*DATA EXTRACTS*
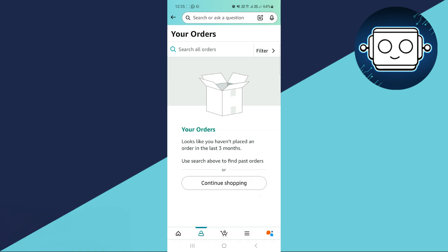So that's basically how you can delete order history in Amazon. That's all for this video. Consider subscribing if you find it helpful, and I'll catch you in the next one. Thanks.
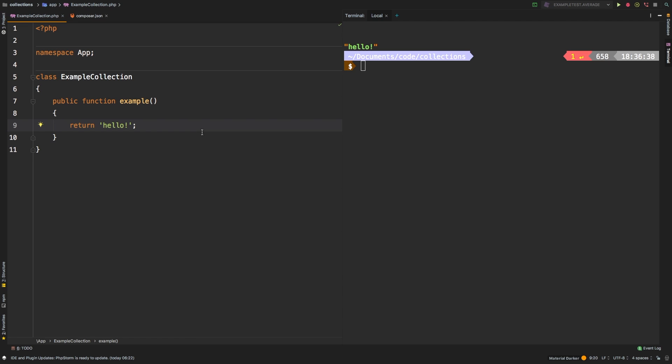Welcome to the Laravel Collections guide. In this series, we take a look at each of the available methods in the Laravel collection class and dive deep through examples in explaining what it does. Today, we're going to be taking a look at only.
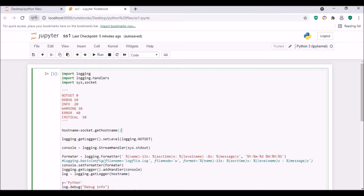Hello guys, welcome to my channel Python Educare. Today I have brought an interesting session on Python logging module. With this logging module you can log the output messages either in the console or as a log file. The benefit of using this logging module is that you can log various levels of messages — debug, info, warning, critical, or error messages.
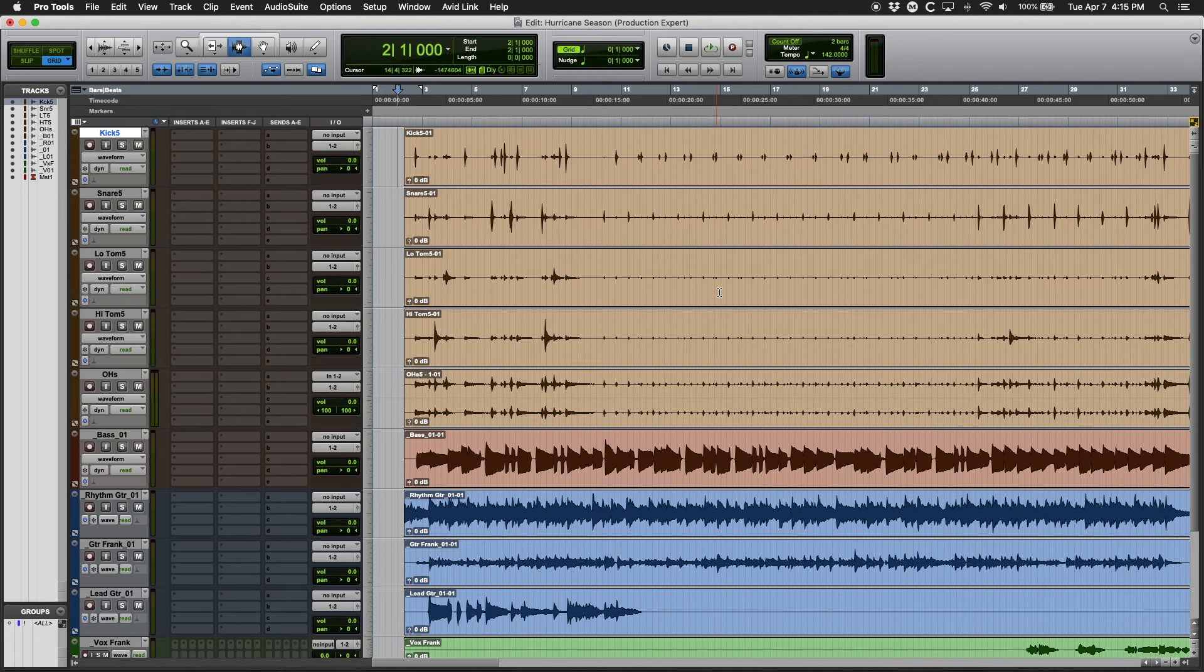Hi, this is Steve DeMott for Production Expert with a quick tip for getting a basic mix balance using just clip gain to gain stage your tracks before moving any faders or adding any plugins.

* * *

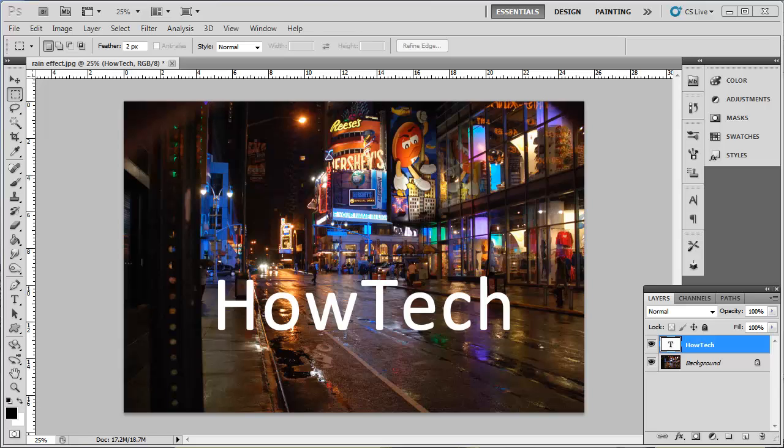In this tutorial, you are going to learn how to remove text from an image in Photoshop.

*THE TASK*
Restate word for word the lines of the data above that begin at the line with "So that's basically" and end at the line with "Welcome to the", keeping both ends and dropping every picture.

*ANSWER TO THIS TASK*
So that's basically how you can delete order history in Amazon. That's all for this video. Consider subscribing if you find it helpful, and I'll catch you in the next one. Thanks.
Welcome to the Laravel Collections guide. In this series, we take a look at each of the available methods in the Laravel collection class and dive deep through examples in explaining what it does. Today, we're going to be taking a look at only.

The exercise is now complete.